Une équipe de recherche a publié en mars 2025 sur arXiv les spécifications complètes d'AhaRobot, un manipulateur mobile bimanuel open-source dont le coût matériel total s'élève à 1 000 dollars. Le système repose sur une architecture à deux bras de type SCARA, conçue pour réduire les couples moteurs nécessaires tout en maintenant un large espace de travail vertical. La précision annoncée est de 0,7 mm en répétabilité, obtenue grâce à une compensation de jeu mécanique par double moteur et à une technique de dithering pour neutraliser le frottement statique. L'interface de téléopération associée, RoboPilot, intègre une poignée marqueur à 26 faces qui réduit l'erreur de suivi de 80 % par rapport à une poignée à 6 faces et améliore l'efficacité de collecte de données de 30 %. L'ensemble du code, des fichiers CAO et de la documentation est mis à disposition en accès libre sur aha-robot.github.io. L'enjeu central est l'entraînement des modèles VLA (Vision-Language-Action), tels que pi-0 de Physical Intelligence, GR00T N2 de NVIDIA ou Helix de Figure AI, qui exigent des volumes massifs de données de manipulation réelles et diversifiées. Les plates-formes commerciales équivalentes coûtent généralement entre 20 000 et 100 000 dollars, ce qui limite mécaniquement l'échelle de collecte. À 1 000 dollars par unité, AhaRobot rend théoriquement possible le déploiement de flottes de collecte à faible coût. Les auteurs affirment que la qualité des données est comparable à celle produite par des systèmes de téléopération VR haute gamme, une assertion non encore validée sur des benchmarks standardisés indépendants. La précision de 0,7 mm reste cependant un chiffre solide pour ce niveau de coût.

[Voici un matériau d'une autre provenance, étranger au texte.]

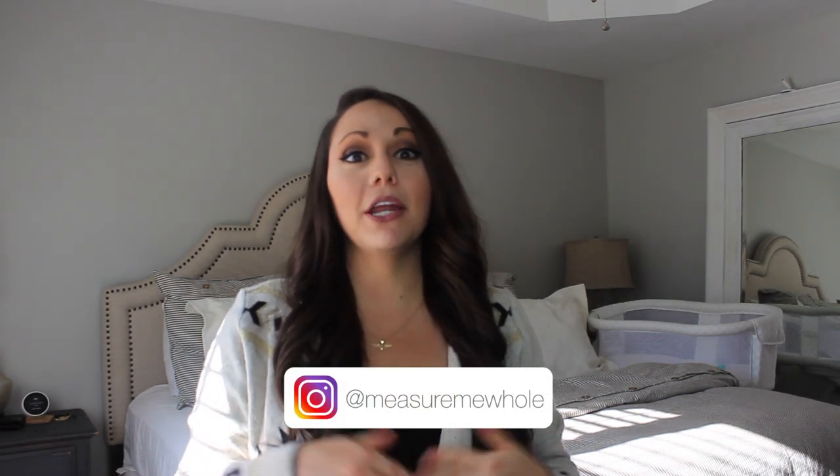Hey friends and welcome back to my YouTube channel. For those of you who are new here, my name is Kaylee and this is Foodie Friday. This week I decided to share one of my new favorite slow cooker recipes, and that is stuffed pepper soup.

Le projet s'inscrit dans un mouvement plus large de démocratisation du hardware robotique open-source, aux côtés de LeRobot, l'initiative de la société française HuggingFace, et du Low Cost Robot d'Alexander Koch. La conception SCARA bimanuelle fait un compromis délibéré entre dextérité et coût, en abaissant les exigences en couple pour utiliser des actionneurs moins chers. À ce stade, il s'agit d'un preprint de recherche sans déploiement industriel ni pilote commercial annoncé : la prochaine étape naturelle serait une reprise par des laboratoires académiques pour valider l'imitation learning sur des tâches bimanuelles complexes en conditions réelles, et mesurer si l'avantage coût se maintient à l'échelle.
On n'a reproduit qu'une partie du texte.